Real-World Applications
Here’s a practical URL blocklist checker:
class URLBlocklistChecker:
def __init__(self, blocked_patterns: list):
self.ac = AhoCorasick()
for pattern in blocked_patterns:
self.ac.insert(pattern.lower())
self.ac.build()
def check(self, url: str) -> dict:
"""Check URL against blocklist, return matches."""
url_lower = url.lower()
matches = self.ac.search(url_lower)
if not matches:
return {"blocked": False, "url": url, "matches": []}
return {
"blocked": True,
"url": url,
"matches": [
{"pattern": pattern, "position": pos}
for pos, pattern in matches
]
}
# Usage
blocklist = [
"malware.com",
"phishing",
"evil-domain",
"tracking.js",
"cryptominer"
]
checker = URLBlocklistChecker(blocklist)
urls = [
"https://safe-site.com/page",
"https://malware.com/download",
"https://example.com/phishing-attempt",
"https://cdn.example.com/tracking.js?v=2"
]
for url in urls:
result = checker.check(url)
status = "BLOCKED" if result["blocked"] else "OK"
print(f"{status}: {url}")
if result["blocked"]:
for match in result["matches"]:
print(f" - Found '{match['pattern']}' at position {match['position']}")
When to choose Aho-Corasick over alternatives:
- vs. repeated regex: Aho-Corasick wins when you have many literal patterns.
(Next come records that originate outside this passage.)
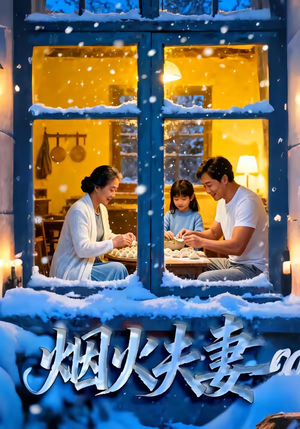 烟火夫妻（81集）好看的短剧一定要分享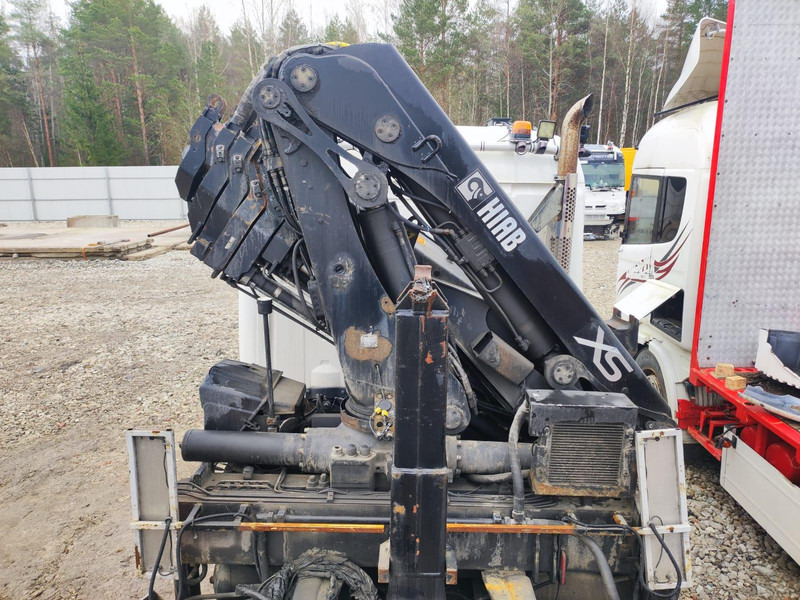 Hiab 288E-6 HIPRO + OUTRIGGERS REMOTE CONTROL - עגורן מעמיס עבור משאית: תמונה 1 Hiab 288E-6 HIPRO + OUTRIGGERS REMOTE CONTROL - עגורן מעמיס עבור משאית: תמונה 1
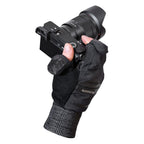 Vallerret Markhof V3 noir, M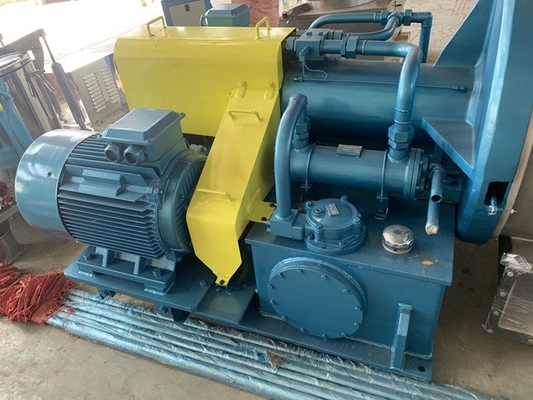 Horizontal Pusher Centrifuges Machine For Salt Making Processing Refining Plant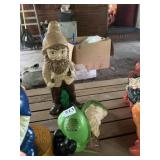 CERAMIC GNOMES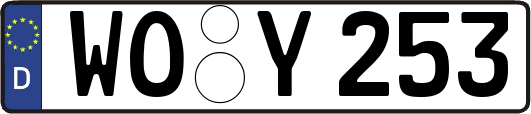 WO-Y253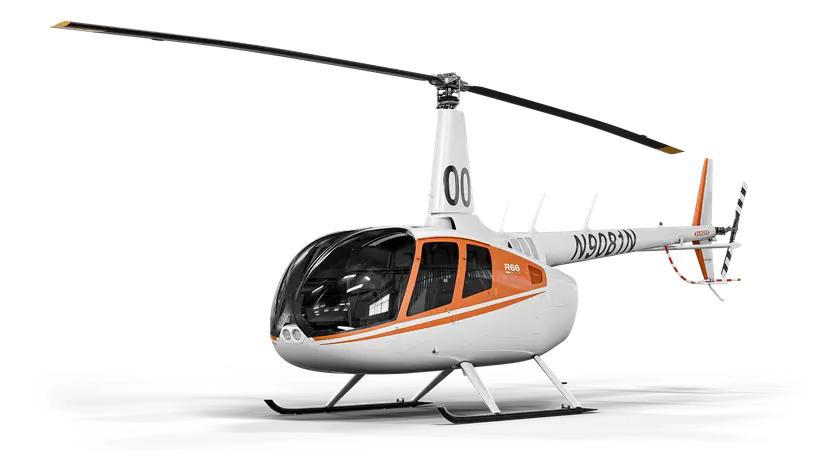 R66 Helicopter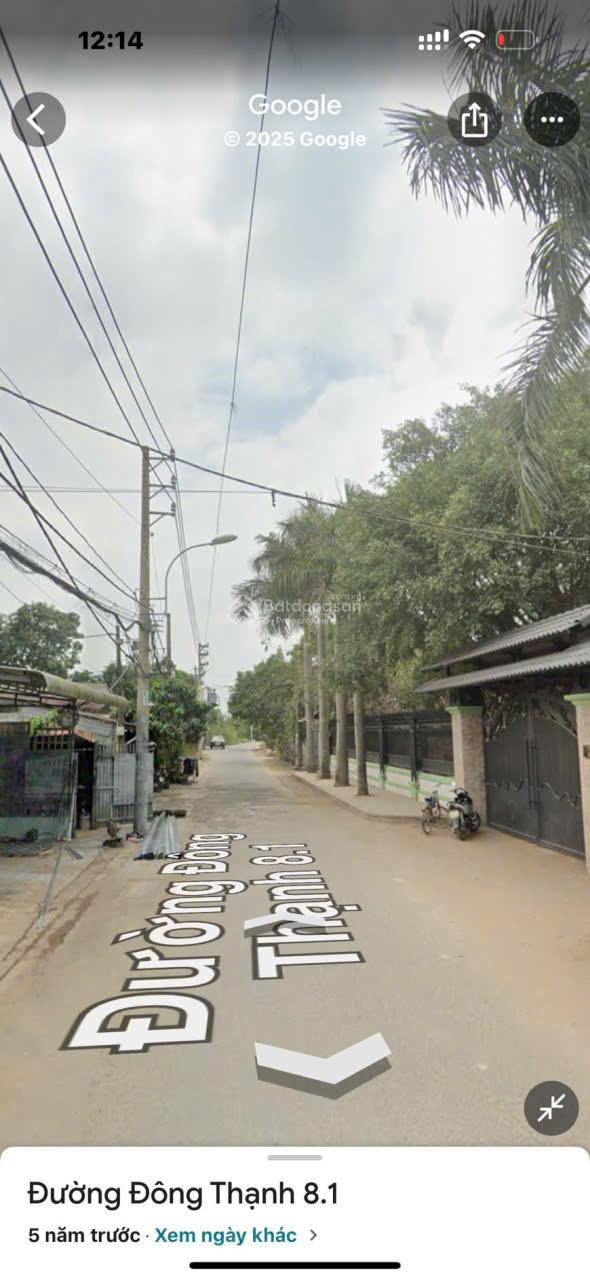 Đất 1000m2 Đông Thạnh, Hóc Môn; Sẵn 200m TC; Đường container, gần cầu Dừa Lê Văn Khương Đất 1000m2 Đông Thạnh, Hóc Môn; Sẵn 200m TC; Đường container, gần cầu Dừa Lê Văn Khương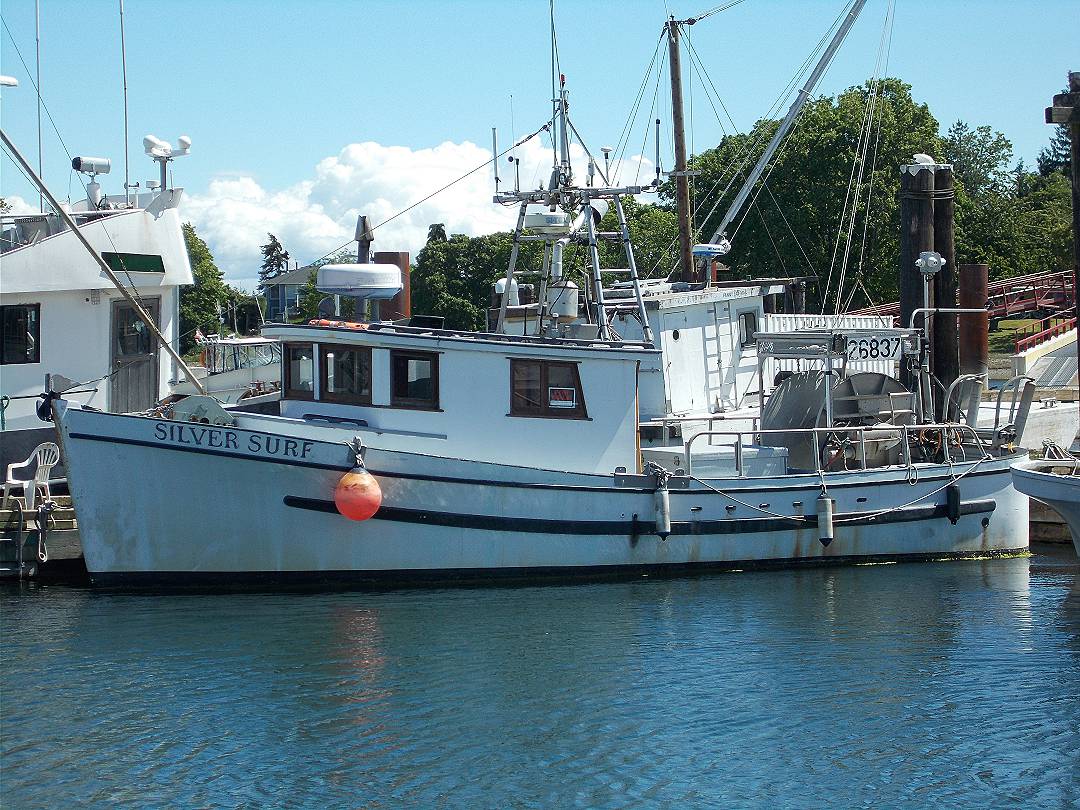 Vestad Boat Works Gillnetter image 1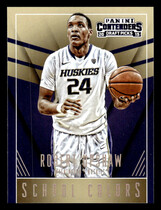2015 Panini Contenders Draft Picks School Colors #39 Robert Upshaw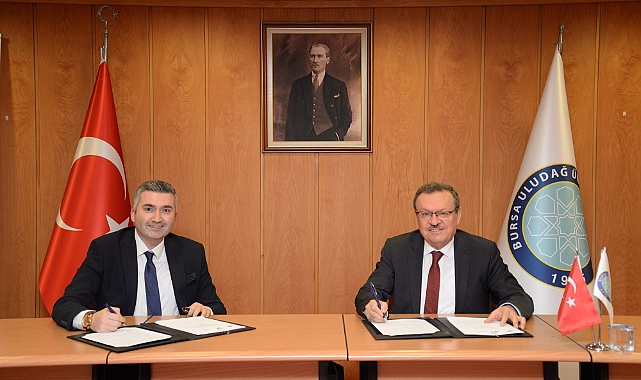 Bursa'da otomotiv sektörüne nitelikli işgücü sağlayacak protokol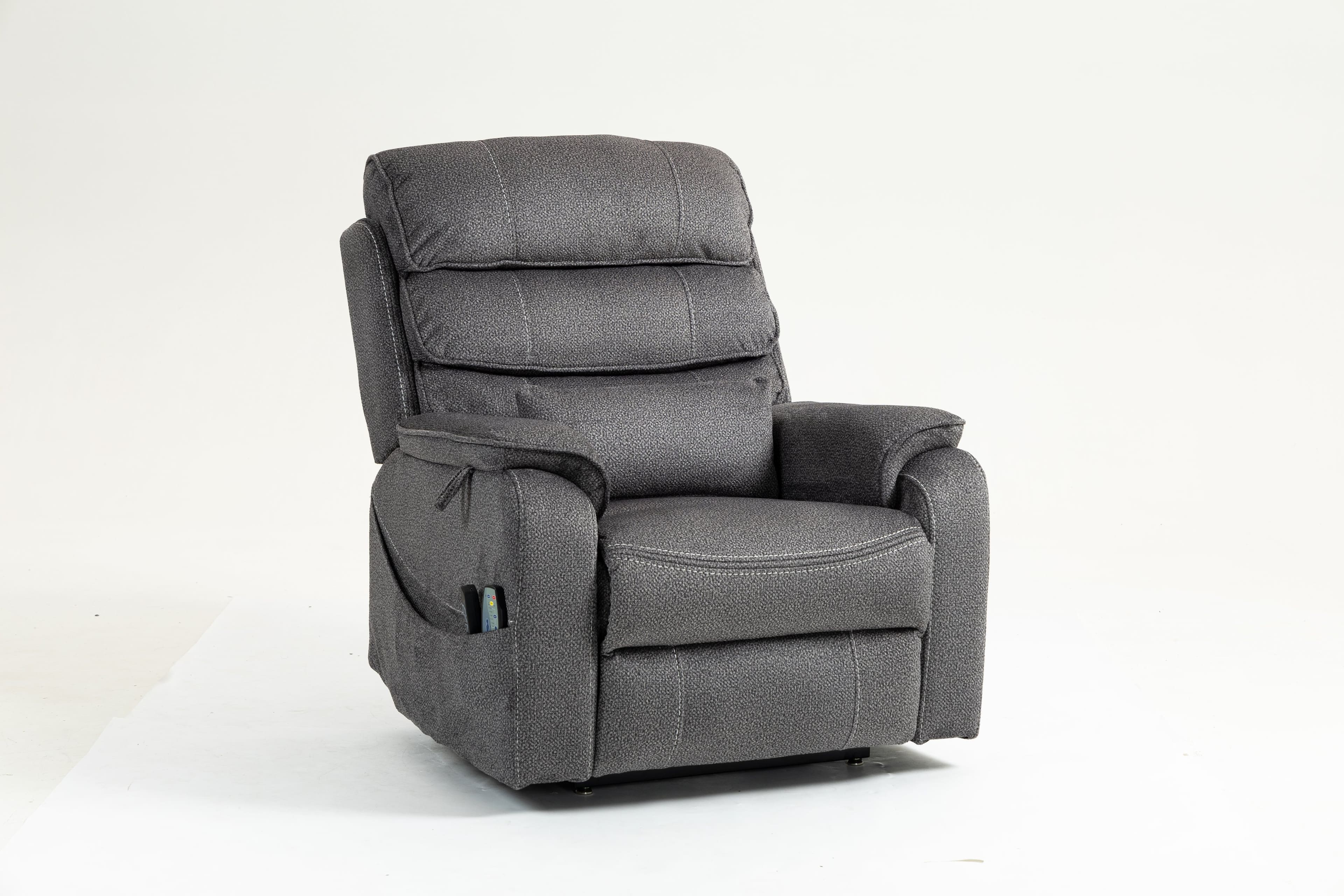 TinyHomie - Lounge chair lift chair relax sofa chair sitting room furniture sitting room - Gray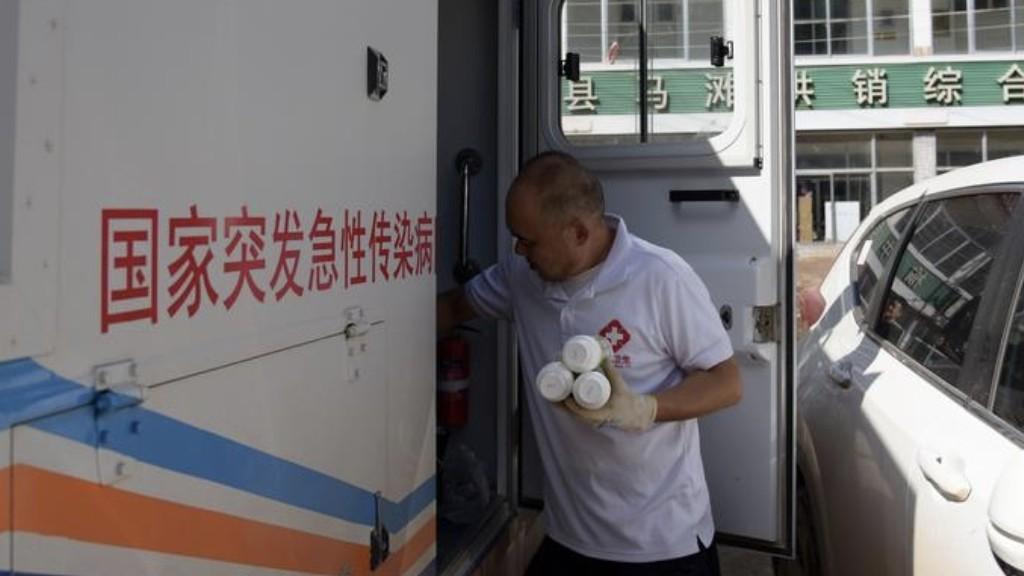  当超级大国撂挑子时，全球公共卫生的信任危机正在蔓延 新闻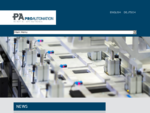 Pro Automation | Automatisierung - Entwicklung - Forschung - Mechatronik - Robotik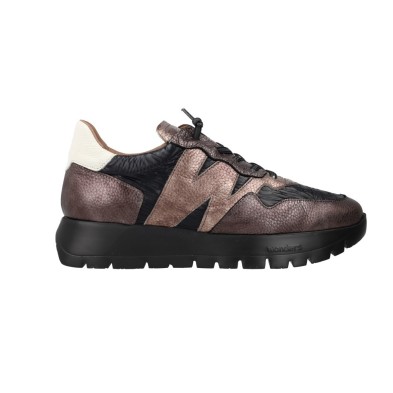 Wonders A-2491 Odisei 91 Zapatillas Deportivas Mujer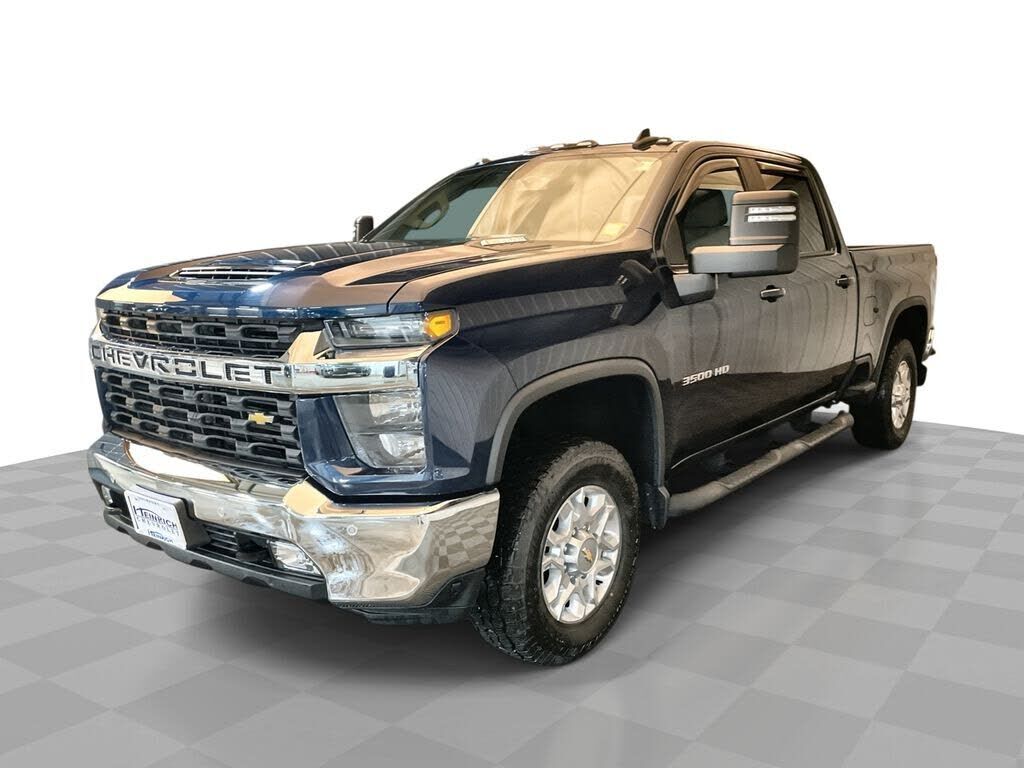2022 CHEVROLET Silverado HD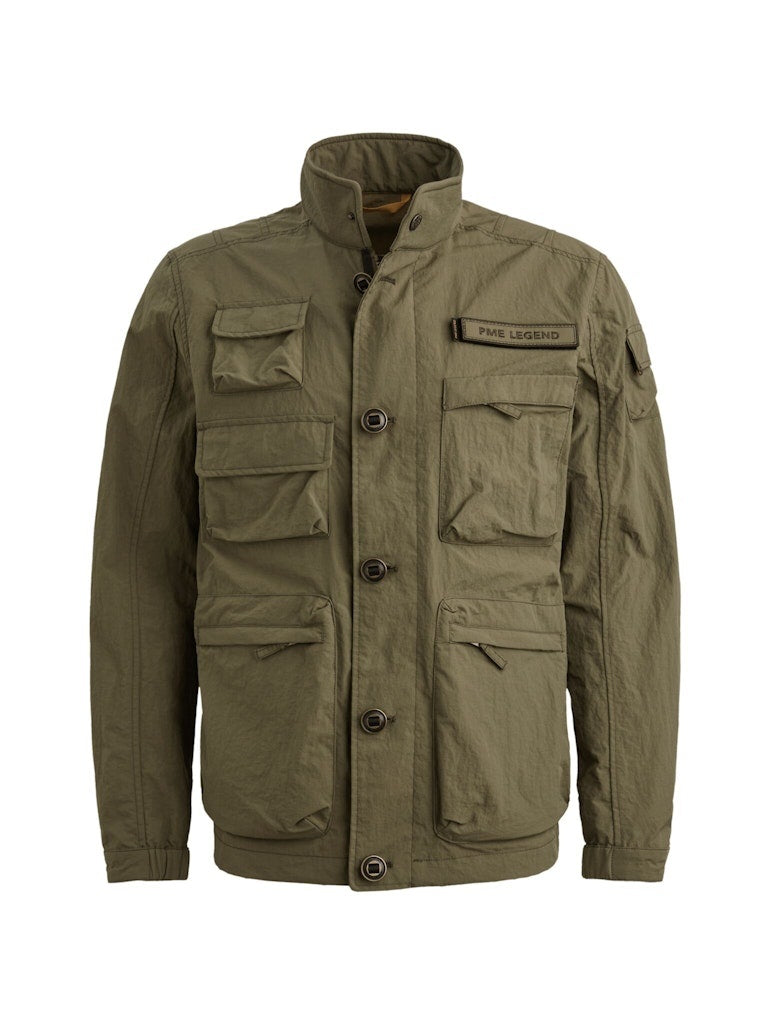 Pme Legend Jas CARGOYET PJA2602127 - 6415 Ivy Green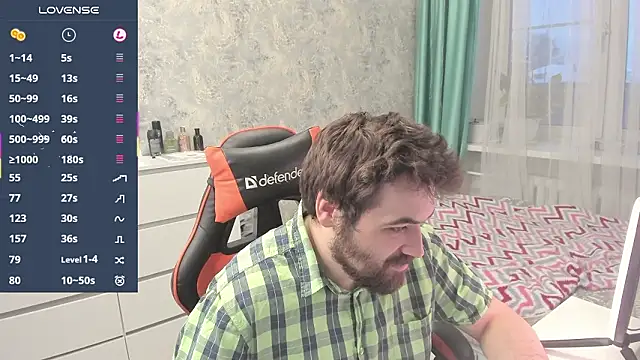 Morlaios online show from February 8, 2:31 pm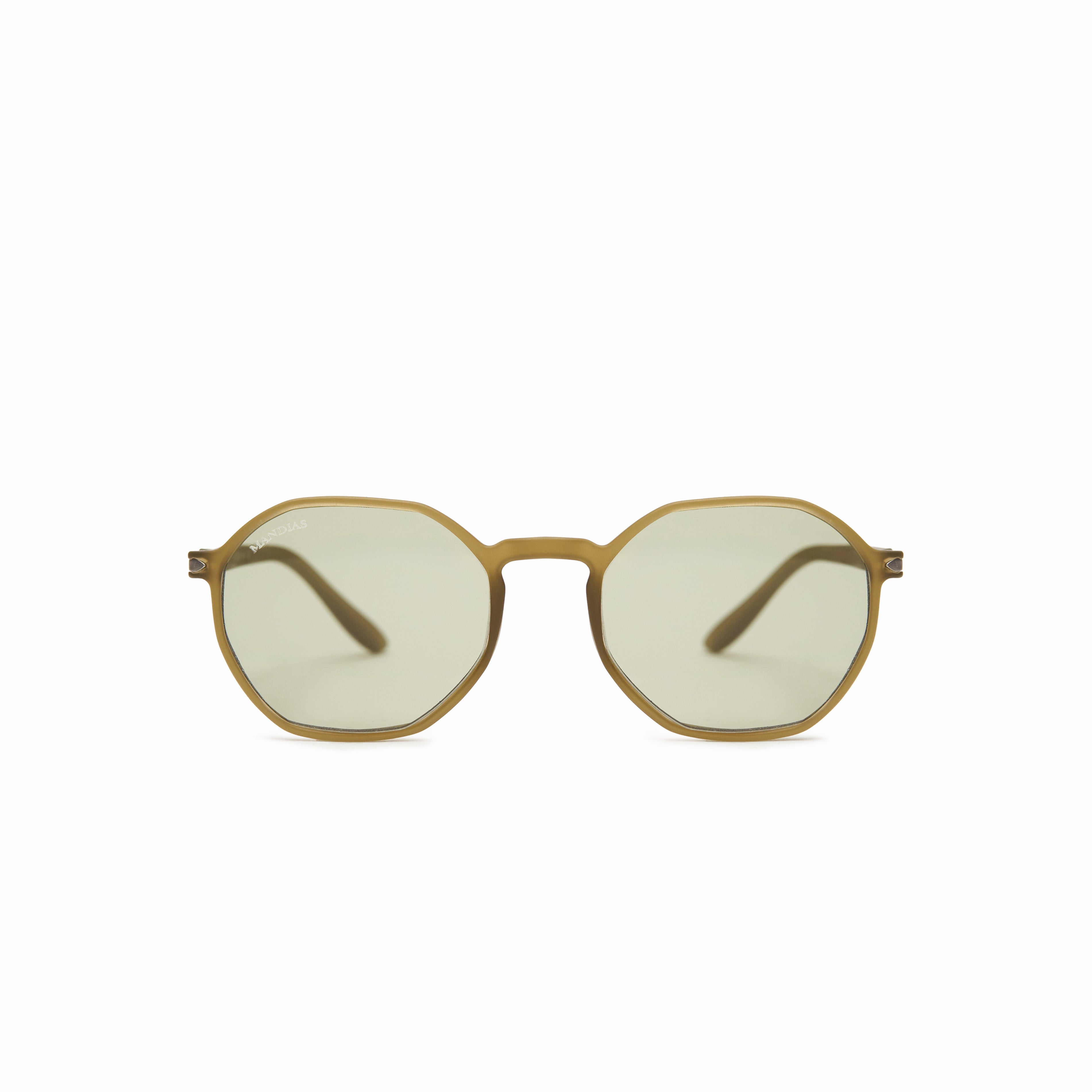 LEDA Matte Olive Green | Green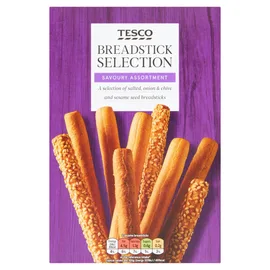 Breadsticks & Nibbles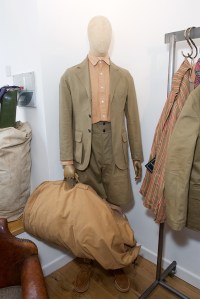 Nigel Cabourn Men's Spring 2017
Regex engines optimize single complex patterns but struggle with thousands of alternatives.
- vs. suffix arrays: Suffix arrays excel at finding arbitrary substrings in a fixed text. Aho-Corasick excels at finding fixed patterns in arbitrary text.
- vs. Bloom filters: Bloom filters give probabilistic membership testing. Aho-Corasick gives exact positions of exact matches.
Conclusion
Aho-Corasick is the right tool when you have a stable set of patterns and need to scan varying input text efficiently. The upfront construction cost (O(m) for total pattern length) amortizes across many searches.
For small pattern sets (under 50-100 patterns), simpler approaches often suffice—the constant factors in Aho-Corasick may not pay off. But once you’re scanning logs against hundreds of error signatures or checking content against thousands of banned phrases, nothing else comes close.
Production implementations worth considering: pyahocorasick for Python (C extension, very fast), aho-corasick crate for Rust, and esmre for Python when you need regex integration. Build the automaton once, reuse it across millions of searches, and enjoy linear-time multi-pattern matching.